▶ [Raw data]
○ ○ ○

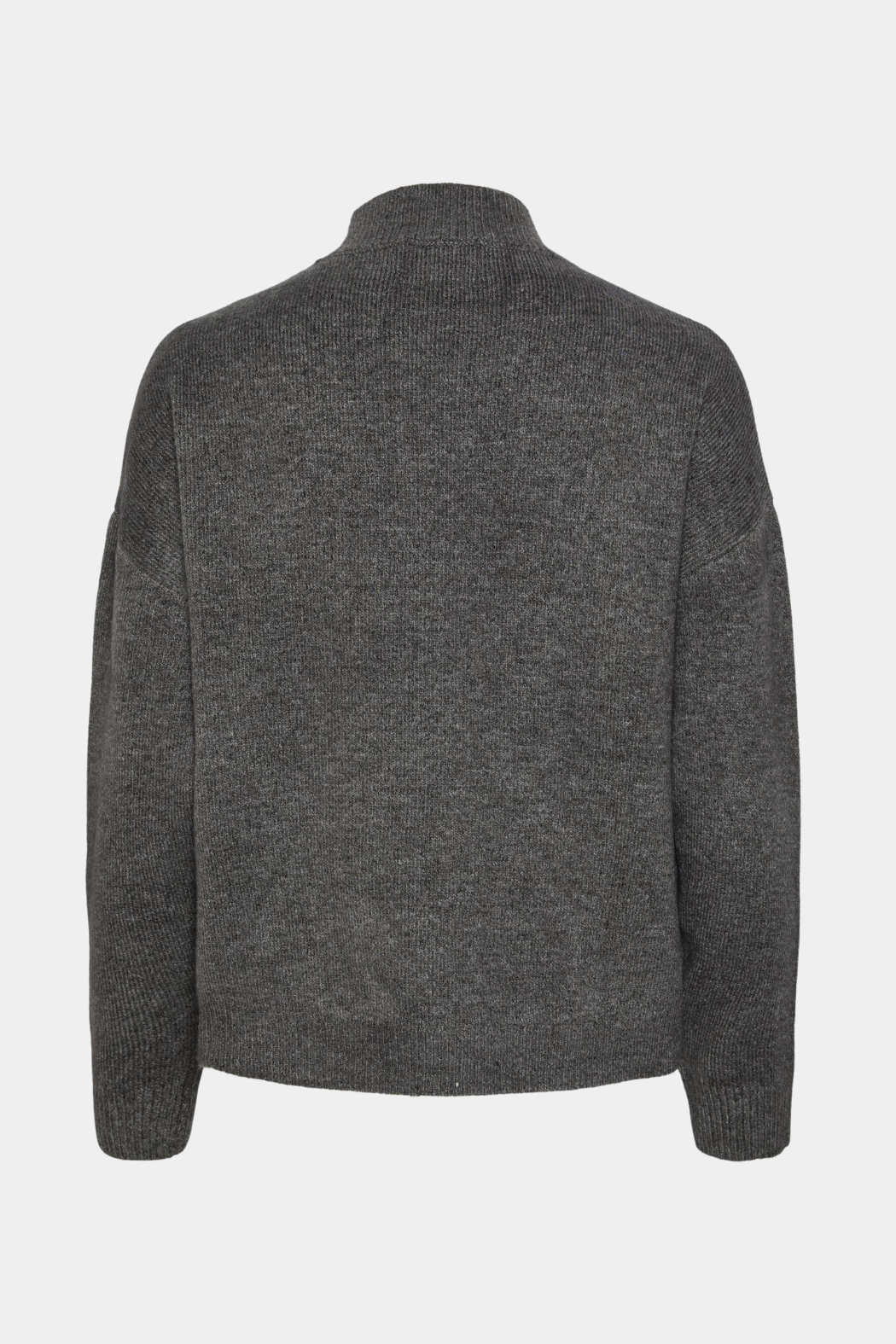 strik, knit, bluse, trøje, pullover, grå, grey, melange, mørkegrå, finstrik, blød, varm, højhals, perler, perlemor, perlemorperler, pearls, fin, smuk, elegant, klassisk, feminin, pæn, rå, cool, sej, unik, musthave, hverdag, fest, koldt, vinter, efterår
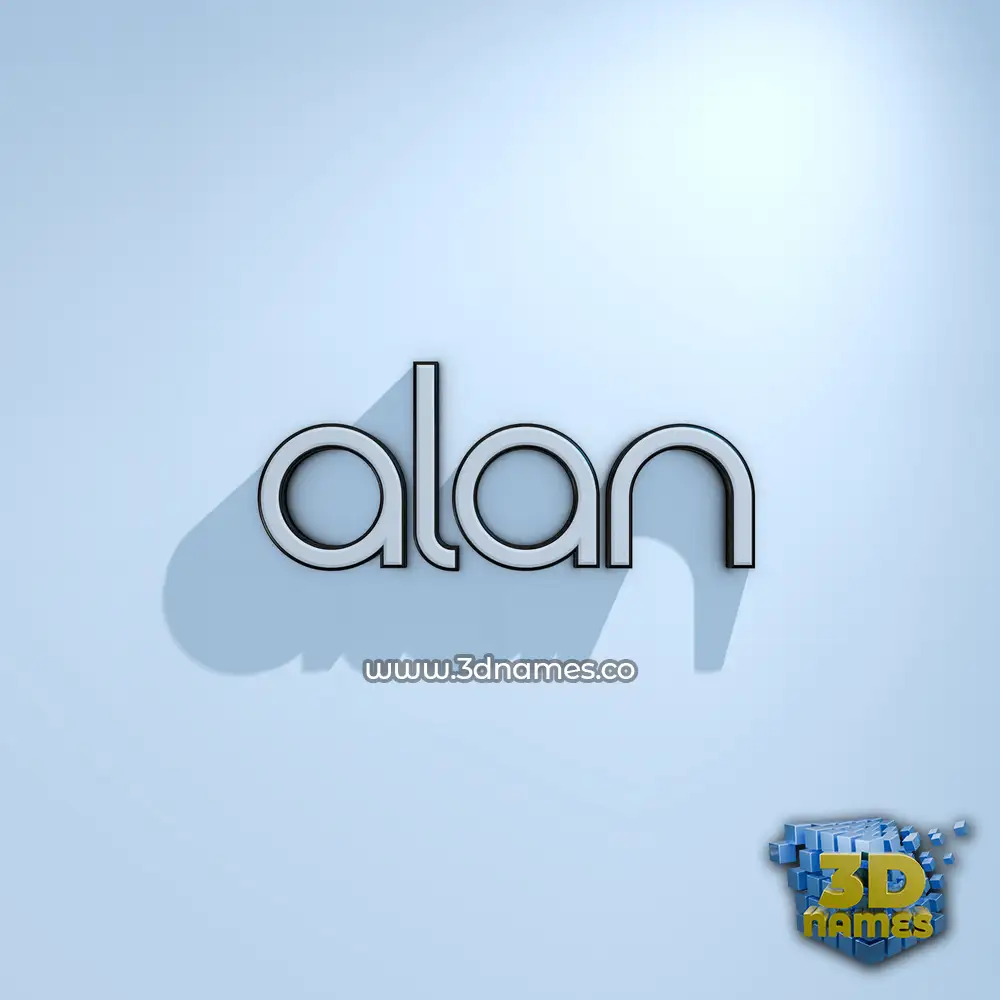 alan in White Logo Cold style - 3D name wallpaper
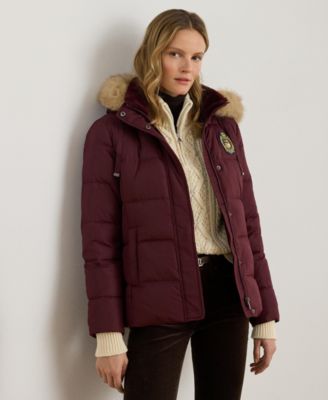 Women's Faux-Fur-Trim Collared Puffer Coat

○ ○ ○

▶ [Requirement] Copy all the material word for word, minus its pictures.

▶ [Task output]
 strik, knit, bluse, trøje, pullover, grå, grey, melange, mørkegrå, finstrik, blød, varm, højhals, perler, perlemor, perlemorperler, pearls, fin, smuk, elegant, klassisk, feminin, pæn, rå, cool, sej, unik, musthave, hverdag, fest, koldt, vinter, efterår
 alan in White Logo Cold style - 3D name wallpaper
 Women's Faux-Fur-Trim Collared Puffer Coat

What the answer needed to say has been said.